* **WHAT IS REQUIRED**
Everything from the first line of the records below through the line containing "2415 NE 22nd" is to be retyped exactly; leave out the rest.

* **EXERCISE MATERIALS**
------------------------------------------------------------

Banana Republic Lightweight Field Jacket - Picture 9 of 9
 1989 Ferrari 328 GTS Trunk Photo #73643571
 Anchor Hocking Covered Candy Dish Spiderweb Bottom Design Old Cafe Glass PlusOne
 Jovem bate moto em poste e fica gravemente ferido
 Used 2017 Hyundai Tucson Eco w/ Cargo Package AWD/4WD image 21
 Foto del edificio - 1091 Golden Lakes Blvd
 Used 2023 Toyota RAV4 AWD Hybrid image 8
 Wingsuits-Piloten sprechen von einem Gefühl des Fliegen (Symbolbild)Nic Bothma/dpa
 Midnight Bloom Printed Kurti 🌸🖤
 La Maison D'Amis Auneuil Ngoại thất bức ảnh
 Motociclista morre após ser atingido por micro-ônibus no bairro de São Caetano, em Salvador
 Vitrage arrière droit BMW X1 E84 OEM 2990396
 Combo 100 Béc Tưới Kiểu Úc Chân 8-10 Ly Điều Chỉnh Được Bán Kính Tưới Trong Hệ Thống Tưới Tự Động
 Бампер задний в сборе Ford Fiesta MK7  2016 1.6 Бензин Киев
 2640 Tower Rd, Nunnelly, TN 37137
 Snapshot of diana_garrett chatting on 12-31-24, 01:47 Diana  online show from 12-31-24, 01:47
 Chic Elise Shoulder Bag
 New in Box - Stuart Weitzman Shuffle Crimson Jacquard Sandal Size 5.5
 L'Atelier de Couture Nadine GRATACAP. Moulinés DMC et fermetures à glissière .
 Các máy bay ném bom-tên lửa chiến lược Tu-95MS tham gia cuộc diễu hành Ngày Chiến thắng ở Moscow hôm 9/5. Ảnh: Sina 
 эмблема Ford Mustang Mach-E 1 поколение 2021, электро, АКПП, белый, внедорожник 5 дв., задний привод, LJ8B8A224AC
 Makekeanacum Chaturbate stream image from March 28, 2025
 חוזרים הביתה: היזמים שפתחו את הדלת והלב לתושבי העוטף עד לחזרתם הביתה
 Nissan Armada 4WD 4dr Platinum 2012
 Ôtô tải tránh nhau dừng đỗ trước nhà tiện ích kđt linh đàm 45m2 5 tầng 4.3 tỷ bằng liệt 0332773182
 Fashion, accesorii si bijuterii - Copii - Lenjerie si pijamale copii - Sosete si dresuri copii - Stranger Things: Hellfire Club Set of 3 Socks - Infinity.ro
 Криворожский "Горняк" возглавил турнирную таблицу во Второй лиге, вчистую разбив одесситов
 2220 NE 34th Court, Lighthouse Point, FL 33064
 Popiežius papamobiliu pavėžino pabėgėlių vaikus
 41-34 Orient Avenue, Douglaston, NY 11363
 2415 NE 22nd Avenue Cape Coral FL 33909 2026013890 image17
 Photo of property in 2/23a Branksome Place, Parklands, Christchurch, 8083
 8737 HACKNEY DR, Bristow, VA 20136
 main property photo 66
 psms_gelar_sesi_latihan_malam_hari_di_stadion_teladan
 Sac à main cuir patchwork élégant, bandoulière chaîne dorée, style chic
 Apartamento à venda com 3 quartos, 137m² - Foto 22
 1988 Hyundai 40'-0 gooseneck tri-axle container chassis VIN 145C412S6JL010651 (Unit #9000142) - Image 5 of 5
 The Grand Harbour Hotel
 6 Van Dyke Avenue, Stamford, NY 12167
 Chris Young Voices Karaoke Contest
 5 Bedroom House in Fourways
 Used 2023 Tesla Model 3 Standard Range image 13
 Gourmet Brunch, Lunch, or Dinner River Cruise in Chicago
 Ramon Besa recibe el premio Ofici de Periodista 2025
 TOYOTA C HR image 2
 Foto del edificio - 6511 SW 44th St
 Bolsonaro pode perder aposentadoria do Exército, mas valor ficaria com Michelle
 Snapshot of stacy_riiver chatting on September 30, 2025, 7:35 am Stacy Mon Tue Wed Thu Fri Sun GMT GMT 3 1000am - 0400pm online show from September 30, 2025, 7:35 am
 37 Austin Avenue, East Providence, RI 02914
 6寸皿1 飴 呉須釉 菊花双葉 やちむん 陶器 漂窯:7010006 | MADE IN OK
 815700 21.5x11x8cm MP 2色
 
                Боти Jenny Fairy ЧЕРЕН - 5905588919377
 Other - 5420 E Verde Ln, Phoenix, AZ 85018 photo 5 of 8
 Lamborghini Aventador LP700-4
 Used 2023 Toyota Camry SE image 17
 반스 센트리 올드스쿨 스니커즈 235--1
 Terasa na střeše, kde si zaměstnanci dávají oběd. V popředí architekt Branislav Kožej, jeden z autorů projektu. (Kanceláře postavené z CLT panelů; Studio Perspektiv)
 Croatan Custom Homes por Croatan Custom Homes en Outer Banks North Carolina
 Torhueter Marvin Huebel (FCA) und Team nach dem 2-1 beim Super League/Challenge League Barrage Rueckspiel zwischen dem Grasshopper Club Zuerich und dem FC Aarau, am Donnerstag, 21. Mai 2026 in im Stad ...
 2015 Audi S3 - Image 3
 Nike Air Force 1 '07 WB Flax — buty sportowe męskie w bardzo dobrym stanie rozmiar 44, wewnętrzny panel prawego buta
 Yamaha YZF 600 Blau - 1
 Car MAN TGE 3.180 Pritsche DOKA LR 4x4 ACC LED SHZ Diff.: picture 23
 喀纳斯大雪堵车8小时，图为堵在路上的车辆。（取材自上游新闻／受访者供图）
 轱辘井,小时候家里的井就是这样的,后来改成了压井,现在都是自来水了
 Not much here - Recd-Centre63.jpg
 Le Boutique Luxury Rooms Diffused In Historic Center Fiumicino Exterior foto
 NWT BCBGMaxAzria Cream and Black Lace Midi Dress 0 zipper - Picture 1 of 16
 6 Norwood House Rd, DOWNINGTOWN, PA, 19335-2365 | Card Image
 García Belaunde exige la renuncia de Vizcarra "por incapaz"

------------------------------------------------------------

* **WRITTEN RESPONSE**
Banana Republic Lightweight Field Jacket - Picture 9 of 9
 1989 Ferrari 328 GTS Trunk Photo #73643571
 Anchor Hocking Covered Candy Dish Spiderweb Bottom Design Old Cafe Glass PlusOne
 Jovem bate moto em poste e fica gravemente ferido
 Used 2017 Hyundai Tucson Eco w/ Cargo Package AWD/4WD image 21
 Foto del edificio - 1091 Golden Lakes Blvd
 Used 2023 Toyota RAV4 AWD Hybrid image 8
 Wingsuits-Piloten sprechen von einem Gefühl des Fliegen (Symbolbild)Nic Bothma/dpa
 Midnight Bloom Printed Kurti 🌸🖤
 La Maison D'Amis Auneuil Ngoại thất bức ảnh
 Motociclista morre após ser atingido por micro-ônibus no bairro de São Caetano, em Salvador
 Vitrage arrière droit BMW X1 E84 OEM 2990396
 Combo 100 Béc Tưới Kiểu Úc Chân 8-10 Ly Điều Chỉnh Được Bán Kính Tưới Trong Hệ Thống Tưới Tự Động
 Бампер задний в сборе Ford Fiesta MK7  2016 1.6 Бензин Киев
 2640 Tower Rd, Nunnelly, TN 37137
 Snapshot of diana_garrett chatting on 12-31-24, 01:47 Diana  online show from 12-31-24, 01:47
 Chic Elise Shoulder Bag
 New in Box - Stuart Weitzman Shuffle Crimson Jacquard Sandal Size 5.5
 L'Atelier de Couture Nadine GRATACAP. Moulinés DMC et fermetures à glissière .
 Các máy bay ném bom-tên lửa chiến lược Tu-95MS tham gia cuộc diễu hành Ngày Chiến thắng ở Moscow hôm 9/5. Ảnh: Sina 
 эмблема Ford Mustang Mach-E 1 поколение 2021, электро, АКПП, белый, внедорожник 5 дв., задний привод, LJ8B8A224AC
 Makekeanacum Chaturbate stream image from March 28, 2025
 חוזרים הביתה: היזמים שפתחו את הדלת והלב לתושבי העוטף עד לחזרתם הביתה
 Nissan Armada 4WD 4dr Platinum 2012
 Ôtô tải tránh nhau dừng đỗ trước nhà tiện ích kđt linh đàm 45m2 5 tầng 4.3 tỷ bằng liệt 0332773182
 Fashion, accesorii si bijuterii - Copii - Lenjerie si pijamale copii - Sosete si dresuri copii - Stranger Things: Hellfire Club Set of 3 Socks - Infinity.ro
 Криворожский "Горняк" возглавил турнирную таблицу во Второй лиге, вчистую разбив одесситов
 2220 NE 34th Court, Lighthouse Point, FL 33064
 Popiežius papamobiliu pavėžino pabėgėlių vaikus
 41-34 Orient Avenue, Douglaston, NY 11363
 2415 NE 22nd Avenue Cape Coral FL 33909 2026013890 image17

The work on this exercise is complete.